Why don’t we do it in the road, dos Beatles, pode ser visto como uma Klangfabernmelodie, ou melodia de timbres. Nela, McCartney repete apenas dois versos, em diversos andamentos, alturas e volumes. No final nem parece que são os mesmos dois versos, a mesma melodia.

Love you just the way you are

Diana Krall, diva do jazz atual, usou toda sua expressividade (que não é pequena) para cantar Just the way you are, uma grande canção pop. Talvez a letra não seja das melhores — a força do pop sempre está no refrão. Mas quem a compôs ama de verdade: é uma canção da intimidade do coração. Por isso Ms Krall a interpreta sem cerimônia, na intimidade do sofá de sua casa, sem usar vestido longo de diva do jazz.

Klangfabernmelodie

Klangfabernmelodie, ou melodia de timbres, é nome complicado para conceito simples: uma melodia que se repete entre os diversos instrumentos da orquestra, mudando apenas os timbres.

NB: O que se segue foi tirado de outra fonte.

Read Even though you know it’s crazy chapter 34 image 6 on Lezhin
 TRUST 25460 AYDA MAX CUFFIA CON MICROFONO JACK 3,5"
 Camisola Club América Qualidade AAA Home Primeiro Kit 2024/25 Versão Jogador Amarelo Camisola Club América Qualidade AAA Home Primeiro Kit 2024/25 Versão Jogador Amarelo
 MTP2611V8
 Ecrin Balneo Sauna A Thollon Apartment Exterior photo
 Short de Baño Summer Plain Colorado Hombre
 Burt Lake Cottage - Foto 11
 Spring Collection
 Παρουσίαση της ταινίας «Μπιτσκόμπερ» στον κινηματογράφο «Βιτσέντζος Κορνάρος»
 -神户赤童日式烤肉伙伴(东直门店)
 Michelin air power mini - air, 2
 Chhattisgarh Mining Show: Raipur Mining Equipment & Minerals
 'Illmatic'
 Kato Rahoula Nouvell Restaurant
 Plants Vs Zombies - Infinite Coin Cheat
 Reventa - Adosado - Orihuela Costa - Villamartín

O caso mais conhecido (e impressionante) é o Bolero de Ravel. A animação para ele em Música e Fantasia mostra que há na repetição até mesmo uma apoteose.

Caminhando e cantando

Pra não dizer que não falei das flores, mais conhecido por Caminhando e cantando é belo hino da esquerda durante a ditadura militar, que ninguém ouve mais.
O verso “e acreditam nas flores vencendo o canhão” ironiza o paz e amor dos hippies, e sugere a luta armada.
É uma ironia da história que justamente o Lulinha Paz e Amor tenha sido quem terminou de colocar os militares de volta a seu lugar de funcionários da nação.

Música e fantasia

Em 1900 e bolinha, cabulamos a aula da faculdade para assistir Música e fantasia, eu e um amigo antenado, que sabia que o filme era bom. Foi surpreendente e inesquecível: o filme era ótimo, muito criativo. Era sessão da tarde: mães não tiravam os olhos da tela, enquanto seus filhos corriam entre as poltronas do cinema…

Músicas de Sibelius, Debussy e Stravinsky (entre outros) eram tão bem associadas a desenhos animados, que nem parecia que os segundos foram criados para acompanhar as primeiras.